Dopo la verifica dei contratti, delle autorizzazioni, della società, della gestione e della struttura finanziaria.
È qui che molti investitori sbagliano.
Guardano il prezzo dell’hotel, ma non il costo complessivo dell’acquisizione. Guardano il valore a camera, ma non il carico fiscale dell’operazione. Guardano il rendimento atteso, ma non l’equity effettivamente necessario per arrivare al closing.
Nel mercato alberghiero, IVA e imposte indirette non sono un dettaglio amministrativo. Sono una variabile di prezzo. Sono una variabile finanziaria. Sono una variabile negoziale.
E, in alcuni casi, sono il punto che decide se l’operazione si fa oppure salta.
L’hotel non è un immobile normale
Il primo errore è trattare l’hotel come un immobile qualsiasi.
Un albergo è un asset complesso. È un immobile, ma è anche una macchina produttiva. È un bene strumentale, ma è anche un’azienda. È una struttura fisica, ma è anche un insieme di autorizzazioni, personale, contratti, reputazione, flussi di cassa, canali distributivi, brand, licenze, debiti, crediti, capex e rischio operativo.
Per questo, prima ancora di discutere il prezzo, bisogna capire che cosa si sta realmente comprando.
Si sta comprando l’immobile alberghiero?
Si sta comprando l’azienda alberghiera?
Si sta comprando un ramo d’azienda?
Si stanno comprando le quote della società proprietaria?
Si sta acquistando una società che gestisce l’hotel?
Si sta acquistando un immobile locato a un gestore?

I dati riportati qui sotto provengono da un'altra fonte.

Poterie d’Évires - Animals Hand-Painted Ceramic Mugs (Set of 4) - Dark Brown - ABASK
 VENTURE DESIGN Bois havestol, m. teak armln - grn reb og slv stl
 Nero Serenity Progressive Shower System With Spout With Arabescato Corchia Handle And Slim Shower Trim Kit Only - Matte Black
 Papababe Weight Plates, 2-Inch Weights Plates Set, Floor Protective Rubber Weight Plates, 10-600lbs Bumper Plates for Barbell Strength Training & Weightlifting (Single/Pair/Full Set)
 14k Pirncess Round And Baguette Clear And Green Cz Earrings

Si sta comprando un hotel libero, un hotel occupato, un hotel con management contract, un hotel con affitto d’azienda o un hotel con contratto di locazione?
La risposta cambia tutto.
Cambia il regime fiscale.
Cambia il rischio.
Cambia la banca finanziatrice.
Cambia la due diligence.
Cambia il prezzo sostenibile.
Cambia il rendimento reale.
Nel mondo alberghiero, la fiscalità indiretta non si calcola alla fine. Si analizza prima di formulare l’offerta.
IVA, registro, ipotecaria e catastale: il costo che molti business plan dimenticano
Molti business plan alberghieri sono costruiti sul prezzo di acquisto, sui ricavi attesi, sull’occupazione, sull’ADR, sul RevPAR, sul GOP e sui capex.
Tutto corretto.
Ma spesso manca una domanda fondamentale: quanto costa davvero trasferire quell’asset?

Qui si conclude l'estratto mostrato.